Cape Town – The South African Post Office (Sapo) has come in for a grilling from Parliament's Committee for Posts and Telecommunications on Tuesday.

The auditor general’s (AG's) report into the financial performance at Sapo showed regression in key areas related to management, financial controls, taxation and goal attainment.

The AG showed that a lack of adequate financial control contributed to irregular expenditure of R576.8m and fruitless and wasteful expenditure of R95m.

“You need to entrench discipline to ensure accurate and relevant financial statements,” auditor Wikus Jansen van Rensburg told the committee.

Sapo reported a loss of R1.5bn in the 2015 financial year, and a provisional loss of R1bn in the current year.

Unreliable indicators

In terms of the organisation’s performance indicators, Sapo scored just 14%.

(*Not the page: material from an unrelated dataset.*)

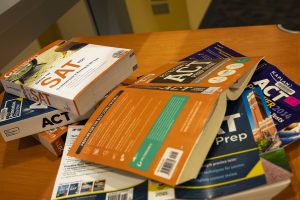 SAT and ACT books are shown in the Iowa City Public Library on Monday, 31, 2022. (Larry Phan/The Daily Iowan)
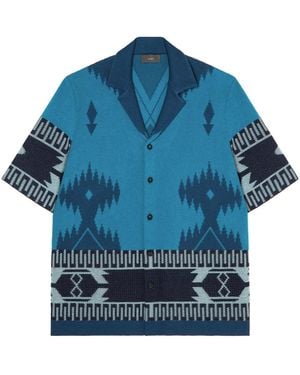 Alanui Camicia Con Effetto Jacquard - Blu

In its presentation, Sapo told parliament that the results reflect problems related to cash flow as well as the impact of the four month strike at the organisation in 2014.

“It is common knowledge that the results we are to present do not communicate a good story,” said deputy chair Bulelwa Soci.

Data from the results presentation further showed that Sapo posted losses of R227m in 2013, climbing to R407m in 2014, before jumping to R1.5bn in 2015.

“It is without doubt a shocking set of financial results,” said Democratic Alliance (DA) member Cameron MacKenzie.

Committee chair Mmamoloko Tryphosa Kubayi also expressed frustration at the situation.

“My agitation with the post office is that since 2014 we just sit with the same thing,” said Kubayi.

Acting chief financial officer Nicola Dewar said that Sapo had still not recovered to pre-strike revenue levels but that it has put mechanisms in place to ensure sound fiscal governance.

“We didn’t achieve any of our financial metrics because the Post Office continued to post losses. There was a lot of turnover of staff – we lost a lot of good skills,” she added.